NPKICreateUserCertificate
Generates a key pair with its corresponding X.509 certificate
(formerly NWPKICreateUserCertificate).
Syntax
#include "npki.h"
NWRCODE NPKICreateUserCertificate(
const NPKIContext context,
const unicode *keyGenServerDN,
const unicode *signServerDN,
const unicode *userDN,
const unicode *nickName,
const nuint32 keyType,
const nuint32 keySize,
const unicode *subjectDN,
const nuint32 signatureAlgorithm,
const nuint32 dateFlags,
const nuint32 validFrom,
const nuint32 validTo,
const nuint32 publicKeyFlags,
const nuint32 privateKeyFlags,
const NPKI_Extension *keyUsage,
const NPKI_Extension *basicConstraints,
const NPKI_ExtAltNames *altNames,
const NPKI_Extension *NovellAttr,
const NPKI_ASN1_Extensions *extensions,
void *reserved1,
void *reserved2);
Parameters
- context
- (IN) Specifies the NPKI context for the request.
- keyGenServerDN
- (IN) Specifies the eDirectory FDN of the server
used to generate the user’s key pair.
- signServerDN
- (IN) Specifies the eDirectory FDN of the server
that hosts the certificate authority that generates the X.509 certificate.
- userDN
- (IN) Specifies the FDN of the user object for which
a certificate will be generated. This must be a valid eDirectory
user object in the current tree.
- nickName
- (IN) Specifies the certificate nickname. This name
must be unique for the specified user.
- keyType
- (IN) Specifies the type of key that you want to
be generated. Call NPKIGetServerInfo to
get the supported key generation algorithms. For this release, the
only supported key type is PKI_RSA_ALGORITHM (see Key Generation Algorithms Defines).
- keySize
- (IN) Specifies the requested size of the key to
be generated. If the key size requested cannot be generated, an
error is returned by the server and no key is generated. Calling NPKIGetServerInfo, then NPKIGetAlgorithmInfo obtains the supported key
sizes supported on the server. The intersection of the key sizes
and algorithms supported by the keyGenServerDN and
the signServerDN are the valid key sizes
and algorithms.
- subjectDN
- (IN) Specifies the subjectDN. This
is the name to be encoded in the subject field in the X.509 certificate.

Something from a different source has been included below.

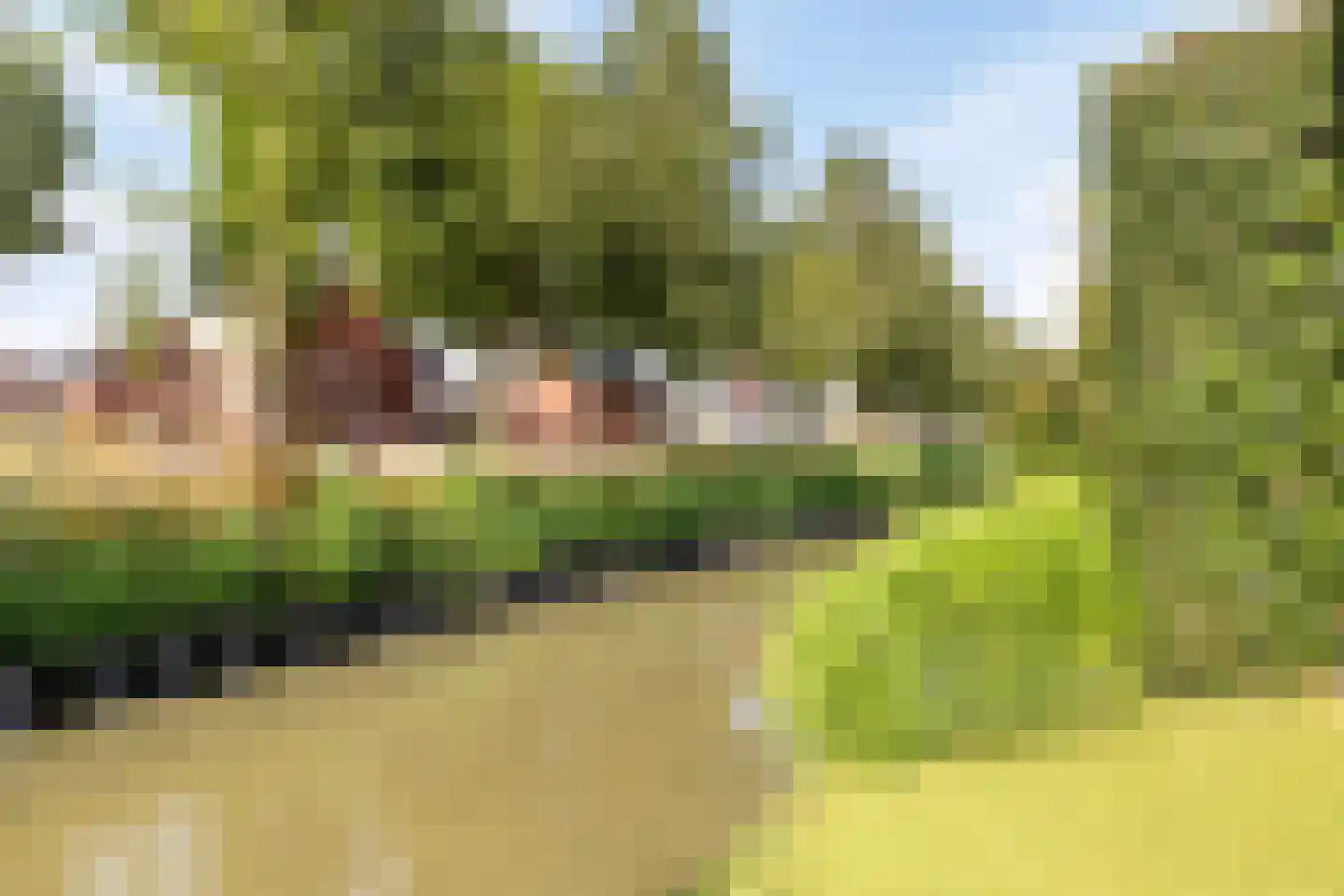 Aurora 9 Middenbeemster thumbnail 47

The subject field identifies the entity associated with the public/private
key pair. (For more information, see RFC
2459*, Section 4.1.2.6.)
This parameter should be NULL if the subject name (in the
user certificate) is to be the user’s typed FDN. If a name
other than the eDirectory username is desired, this parameter must contain
the typed FDN (and publicKeyFlags must include
the flag PKI_CUSTOM_SUBJECT_NAME).
- signatureAlgorithm
- (IN) Specifies the signature algorithm to use to
sign the certificate. To get the supported algorithms, call NPKIGetServerInfo. For this release, signatureAlgorithm must
be set to one of the following:
- PKI_SIGN_WITH_RSA_AND_MD2
- PKI_SIGN_WITH_RSA_AND_MD5
- PKI_SIGN_WITH_RSA_AND_SHA1
- dateFlags
- (IN) Specifies whether dates have either a two-digit
or four-digit year. For this release, set this to DEFAULT_YEAR_ENCODING.
- validFrom
- (IN) Specifies the beginning of the period of validity,
represented as the number of seconds since 00:00:00 UTC Jan 1, 1970,
or 0xFFFFFFFF to represent the current time on the server.
- validTo
- (IN) Specifies the end of the period of validity,
represented as the number of seconds since 00:00:00 UTC Jan 1, 1970,
or 0xFFFFFFFF to represent the greatest validity period available on
the server.
You can call NPKIGetServerInfo to
determine the greatest validity period available on the server.
- publicKeyFlags
- (IN) Specifies the public key options to use when
creating the key pair. Use one of the following flags, together
with any optional public key flags:
- PUBLIC_KEY_SINGLE_SERVER—Used
when the signing server is the same as the key generation server.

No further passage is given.